An 82-year-old Colorado man ran an elaborate scheme involving counterfeit sports cards, defrauding collectors of more than $800,000 over several years, according to federal investigators.

The pristine, but fake, Michael Jordan cards were among those that Mayo Gilbert McNeil of Denver traded for thousands of dollars or valuable real cards. according to the complaint filed on Tuesday.

McNeil was arrested Wednesday, and the wire fraud charges he faces carry a potential prison time of up to 20 years.

Between April 2015 and July 2019, McNeil conducted online exchanges with the help of an unidentified co-conspirator, sometimes using a fake ID and multiple email accounts to hide his identity, according to the complaint.

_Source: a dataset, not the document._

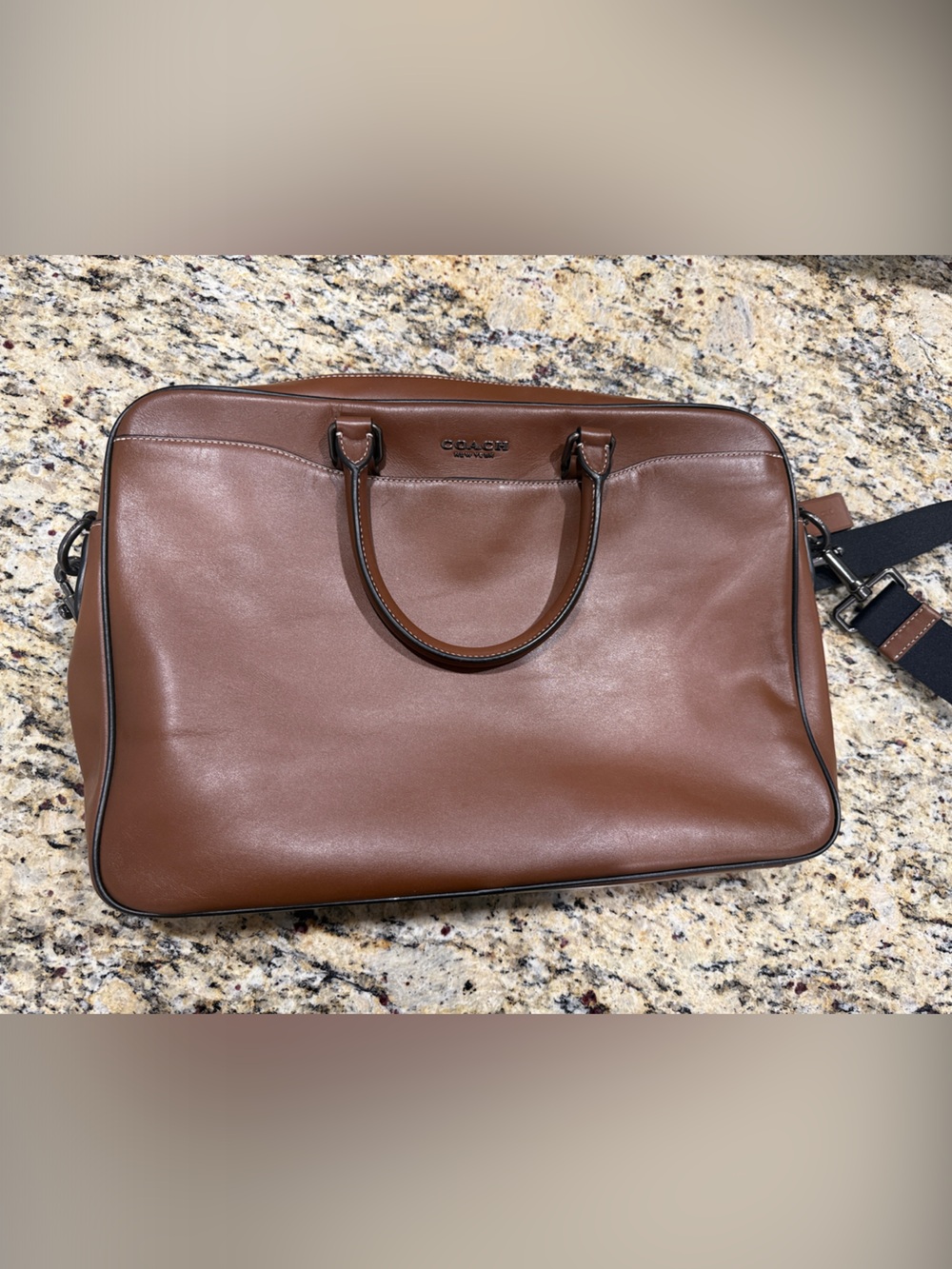 Coach Brown Leather Laptop Satchel with Detachable Strap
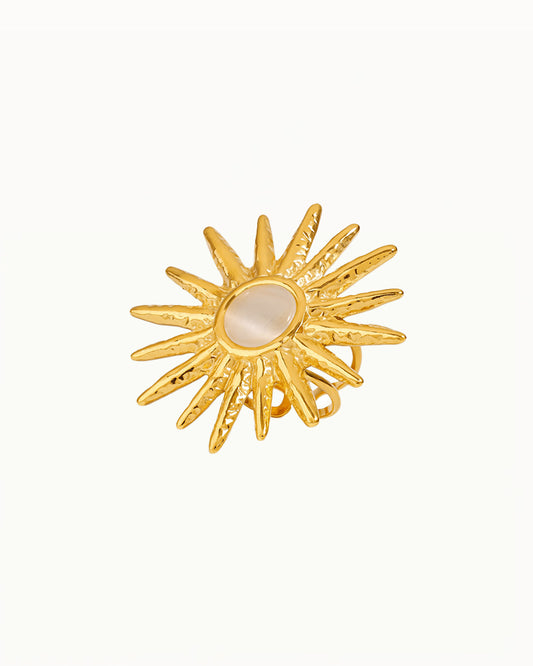 Gouden Ring met Zon Design - Suze - R75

To make the fakes convincing, the feds say, McNeil sourced the plastic backings and specialized rating tags used by a leading collector authentication company.

Among the cards he forged was a 1986 Fleer Michael Jordan rookie card, falsely rated “10 out of 10” for quality, prosecutors said, trading one for $4,500 and other similar cards for two valuable Tom Brady cards.

That Michael Jordan card is described on the PSA website as “the most important modern card of any sport in the entire hobby.”

A mint-condition version recently sold for $130,102, the card-grading company said, adding that it’s “the most counterfeited card in the hobby.”

McNeil was not immediately available for comment from Insider, but he told the Associated Press that he “did nothing wrong” and said he had been released without bail.

McNeil will be prosecuted in the Eastern District of New York, according to the Justice Department.

“Fraud protection extends to all consumers, regardless of which team they support,” United States Attorney Breon Peace said in a DOJ statement.